Captioned web image data:
● ● ● ●
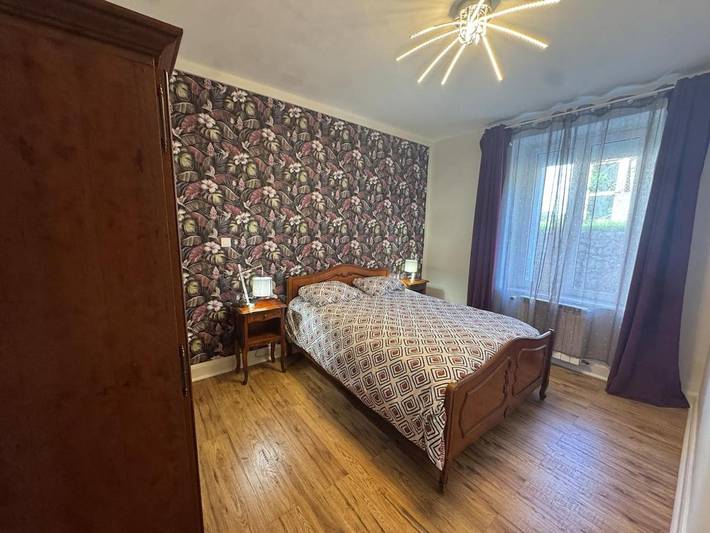 Gîte pour 5 personnes, avec terrasse à Haut-du-Them-Château-Lambert - 4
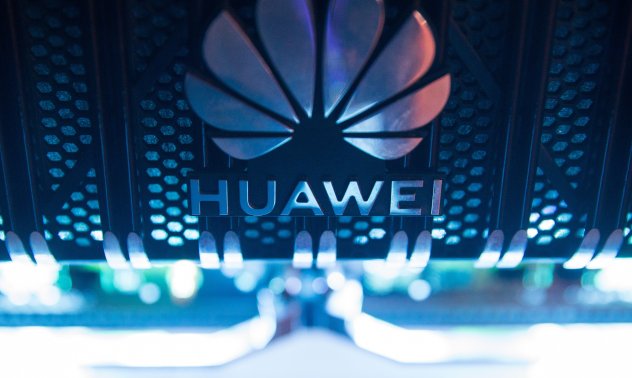 Тайван включи Huawei и SMIC към черния списък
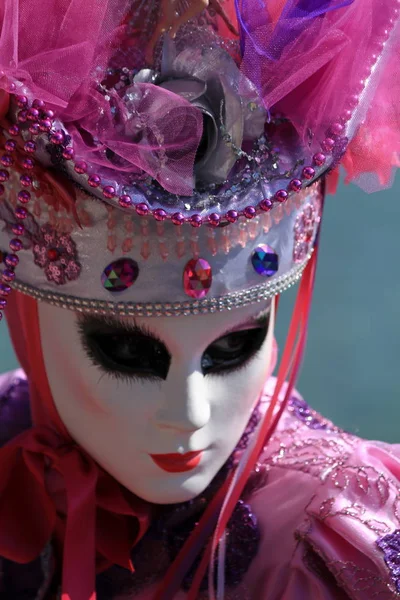 Máscara muito bonita e maquiagem de carnaval em Annecy — Fotografia de Stock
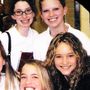 Jennifer Lawrence régen (jobbra lent)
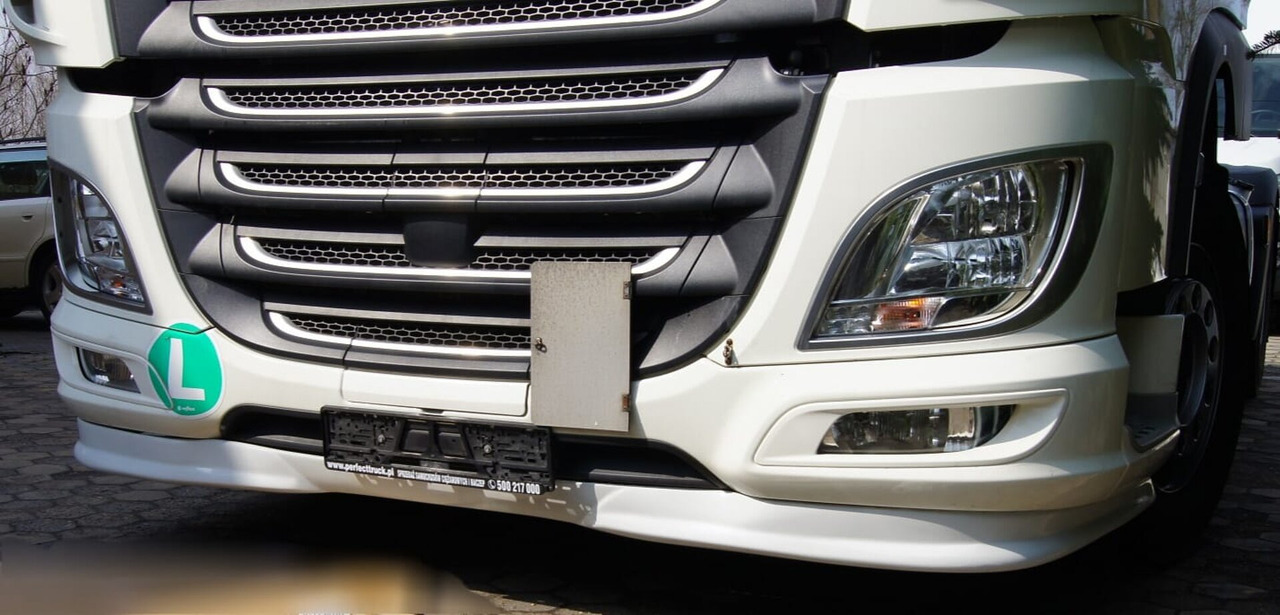 DAF XF 106 ONDER BUMPER SPOILER KLEUR H3279 000049b - Cản xe cho Xe tải: hình 3 DAF XF 106 ONDER BUMPER SPOILER KLEUR H3279 000049b - Cản xe cho Xe tải: hình 3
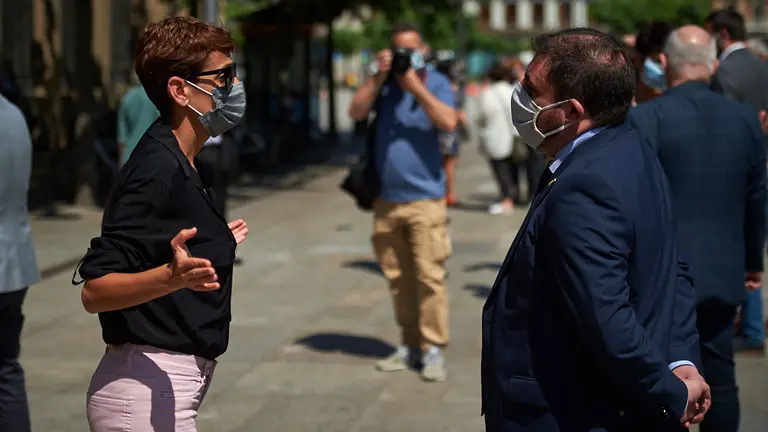 La presidenta del Gobierno de Navarra, María Chivite, y el resto de miembros del Gobierno guardan un minuto de silencio con motivo del luto oficial de diez días aprobado por el Consejo de Ministros en memoria de los fallecidos a causa del COVID-19. MIGUEL OSÉS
● ● ● ●
▸ DIRECTIONS FOR THIS TASK
Excluding every picture, write out each record word for word.

▸ RESPONSE TO THIS EXERCISE
 Gîte pour 5 personnes, avec terrasse à Haut-du-Them-Château-Lambert - 4
 Тайван включи Huawei и SMIC към черния списък
 Máscara muito bonita e maquiagem de carnaval em Annecy — Fotografia de Stock
 Jennifer Lawrence régen (jobbra lent)
 DAF XF 106 ONDER BUMPER SPOILER KLEUR H3279 000049b - Cản xe cho Xe tải: hình 3 DAF XF 106 ONDER BUMPER SPOILER KLEUR H3279 000049b - Cản xe cho Xe tải: hình 3
 La presidenta del Gobierno de Navarra, María Chivite, y el resto de miembros del Gobierno guardan un minuto de silencio con motivo del luto oficial de diez días aprobado por el Consejo de Ministros en memoria de los fallecidos a causa del COVID-19. MIGUEL OSÉS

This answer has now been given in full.